C'est ce qu'on appelle les « stratégies de financement endogènes''. Actuellement, il y a des groupes dans les villages qui s'organisent en termes de champ collectif ou de tontine pour financer leur propre santé. La souveraineté sanitaire, c'est nous-mêmes. Il faut qu'on prenne conscience de la nécessité de nous prendre en charge. Mais c'est à l'Etat d'organiser cette conscience pour que la population puisse participer au financement de sa santé. Les femmes participent au financement. Il y a une enquête qui a montré qu'actuellement, sur les dépenses de santé au niveau national, 26 % sont pris en charge par les ménages. Donc les populations participent et c'est nous.
Quels sont aujourd'hui les défis à relever ?

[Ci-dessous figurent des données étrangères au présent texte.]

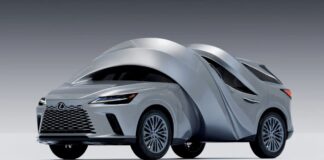 Lexus согнул автомобили в кольцо и спираль вместе с арт-коллективом MSCHF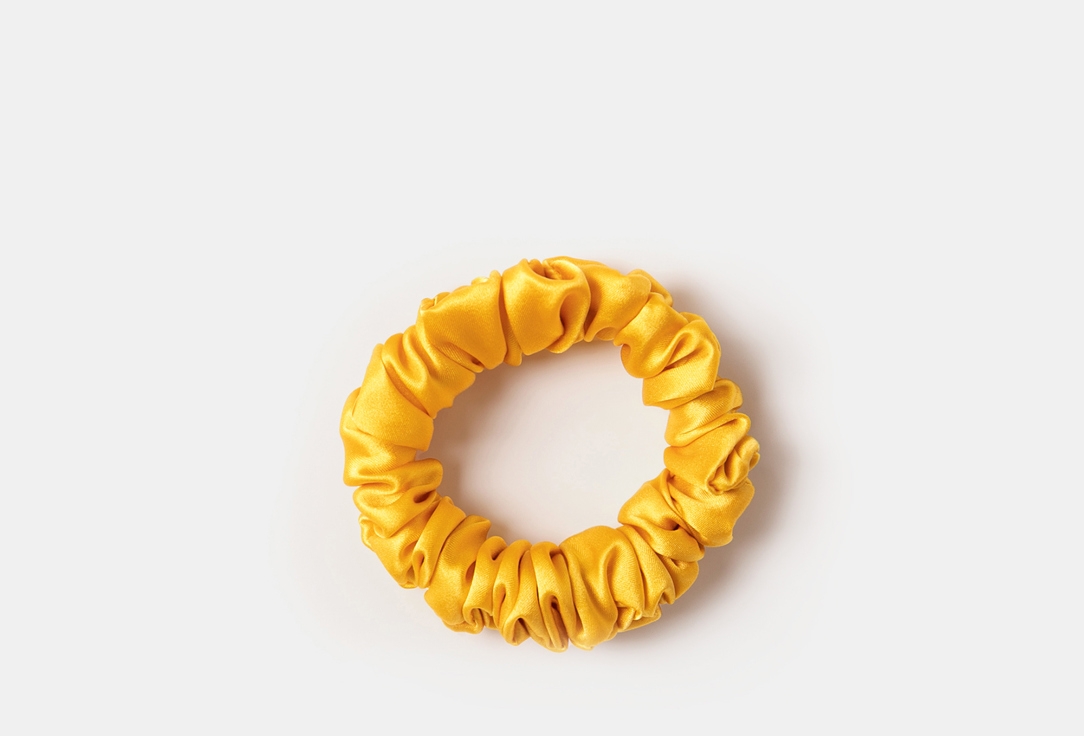 

шелковая резинка для волос SILK UNIVERSE, Горчичный 1 шт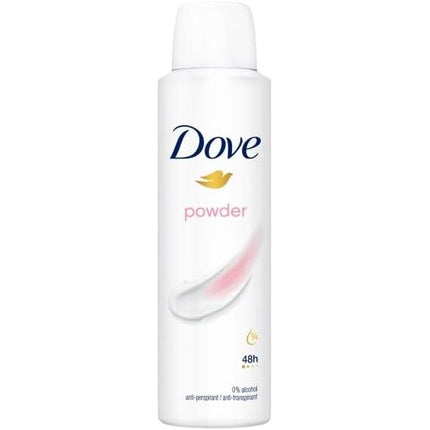 Deodorant antiperspirant femei, Dove, 0% alcool, 150ml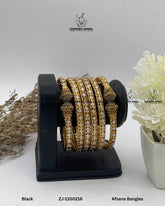 Afsana Bangles | ZAROSH JEWEL Black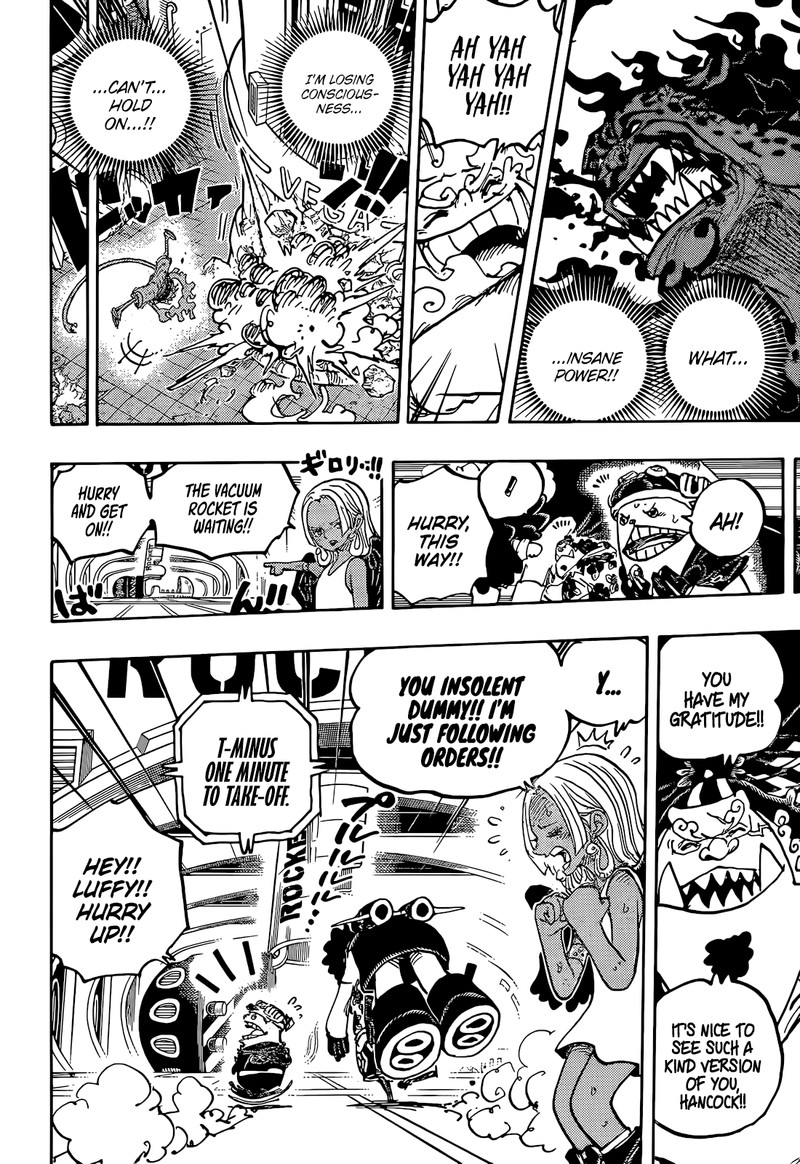 One Piece Manga Chapter 1070 page 13 - The Strongest Form of Humanity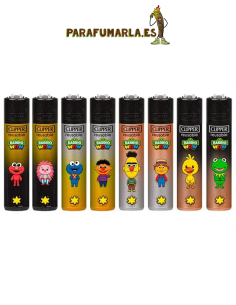 Clipper Barrio Sésamo | Colección Completa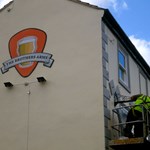 The exterior of The Brothers Arms.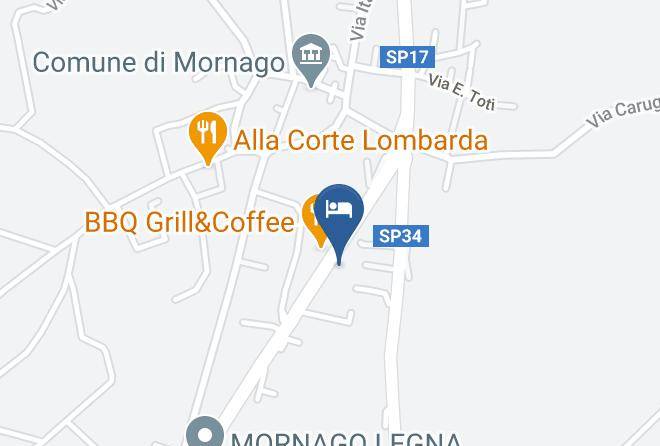 Varese - Hotel Ristorante Il Tulipano Maps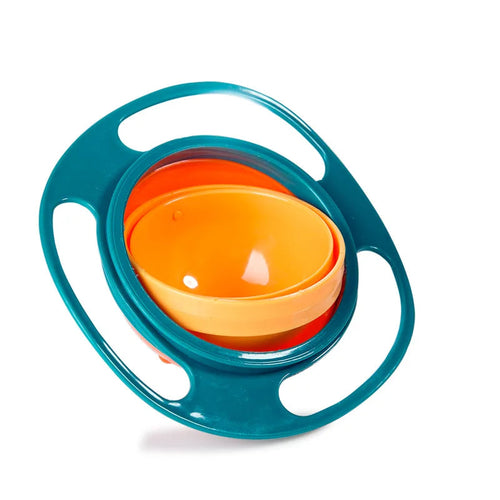 360° Spill Proof Baby Bowl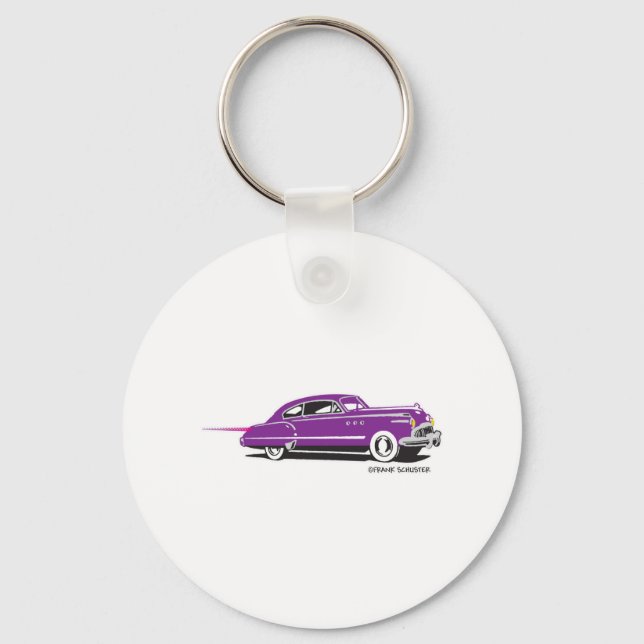 1951 Buick Super Riviera Key Ring (Front)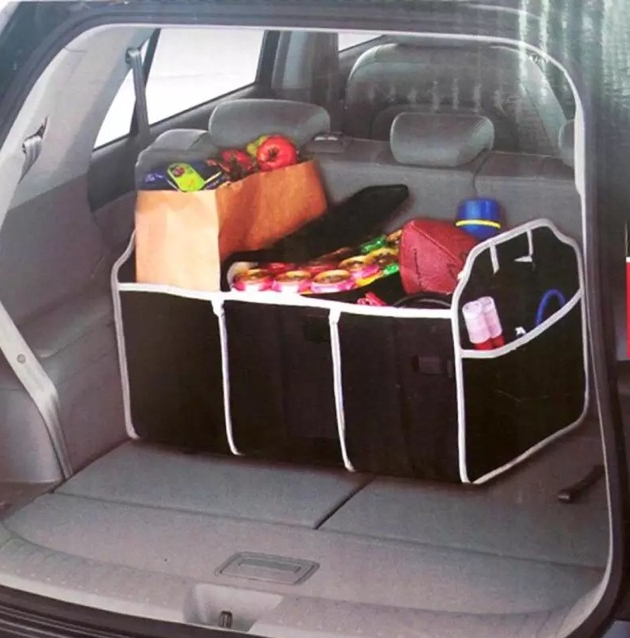 Car Trunk Storage Box Folding Car Boot Organizer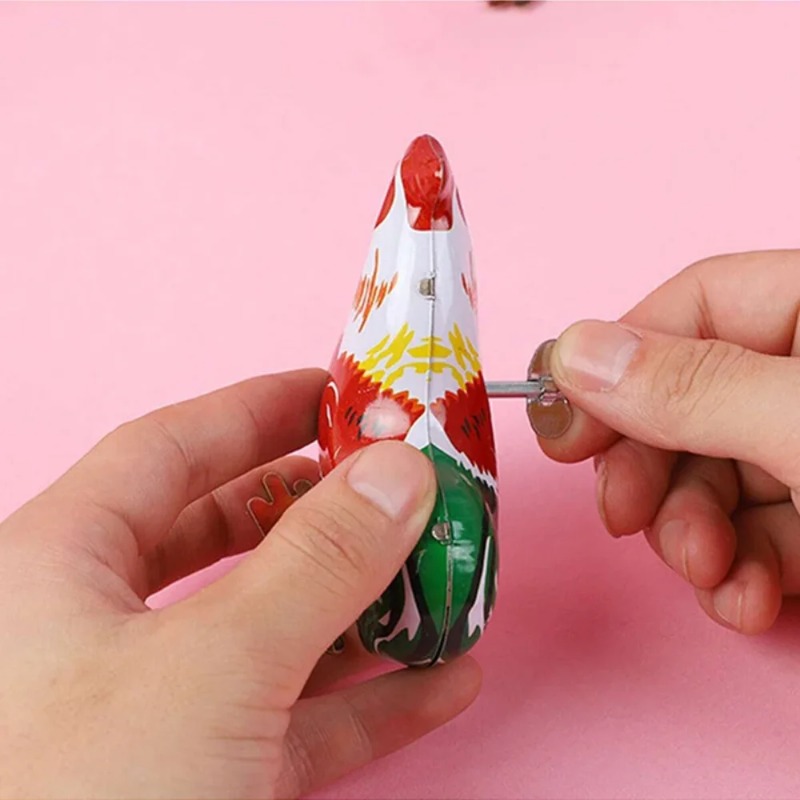 Vintage Metal Wind Up Toys Set - đánh giá và giá Vintage Collection Playset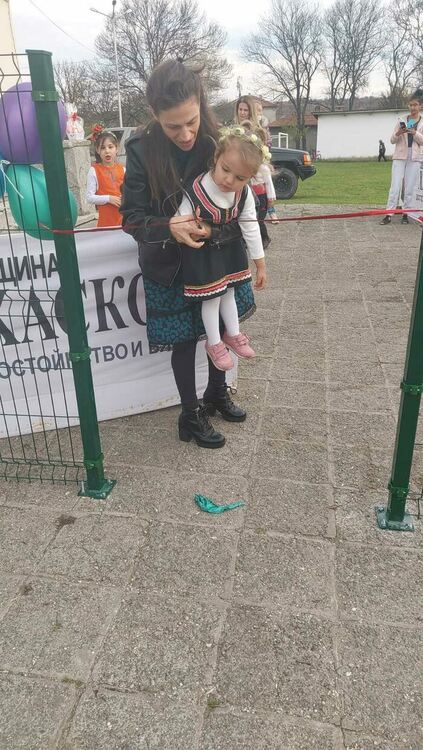 Откриха „Зелена класна стая“ в детската градина в Стамболийски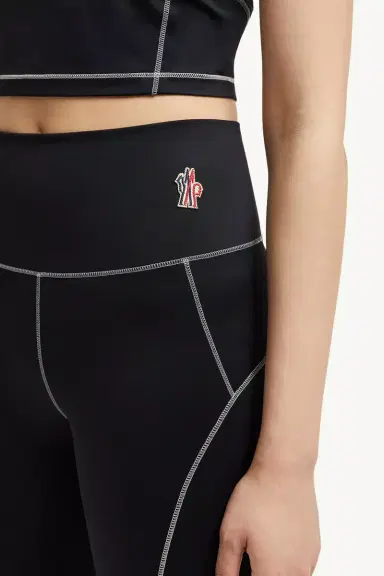 Moncler Grenoble Logo Leggings | Thumbnail 4 Moncler Grenoble Logo Leggings | Thumbnail 4
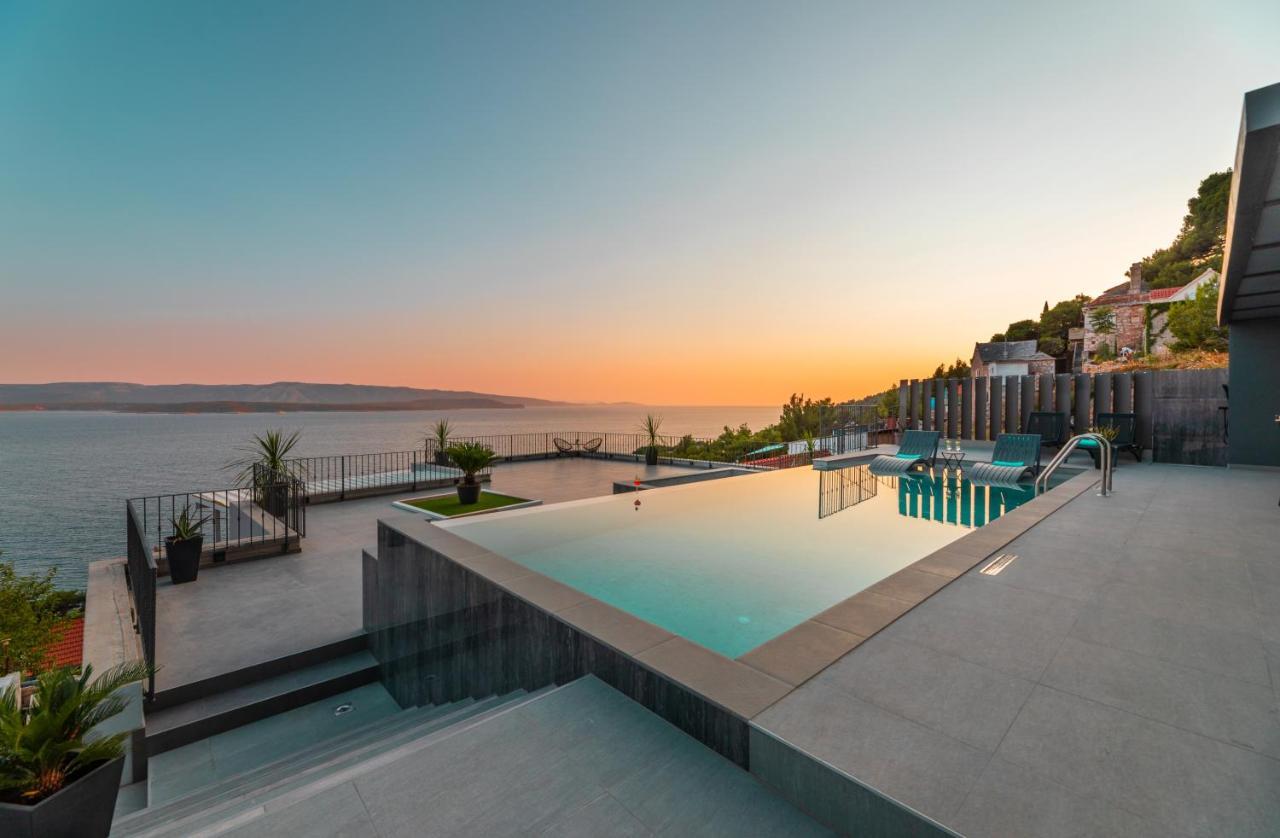 Villa Kruna With Breathtaking View Murvica  Exteriör bild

Les plus grands défis, c'est d'abord le secteur privé. Nous l'avons souligné. L'actualité nous donne raison. Nous prenons juste l'histoire toute récente de Ngadiaga, là où on exploite le gaz. L'entreprise n'a même pas daigné investir sur la santé de la population. Il n'y a pas de poste de santé à Ngadiaga. Pour vous dire qu'il est indigne de continuer à vivre une situation d'exploitation de nos ressources sans pour autant que ces gens-là puissent contribuer au développement de cette localité. Ne serait-ce que pour prendre en charge la question de la santé de ces populations.
Aujourd'hui, les populations de Ngadiaga et alentours, peut-être même le Sénégal, sont en train de vivre un grand risque. Alors que ces investisseurs ont peut-être sorti des milliards F CFA qu'ils ont renvoyés chez eux, laissant la population sénégalaise à la merci des difficultés et au grand risque que cela peut produire.
Donc, l'Etat a l'obligation de réglementer la RSE et d'obliger, en signant des contrats avec ces entreprises, de mettre une clause de respectabilité de la RSE et de surveiller ces engagements, afin que cela soit une réalité sur la vie des populations. C'est le plus grand défi. Il faut que ceux qui exploitent nos ressources financent les questions sociales de ces communautés.
L'autre dimension est que nous devons mettre à l'échelle la stratégie de mobilisation des ressources internes sur l'ensemble des communautés. L'UAL a proposé d'aller ensemble avec la société civile pour aider à harmoniser, pour que toutes les collectivités puissent entrer en jeu et que les populations sénégalaises puissent en bénéficier.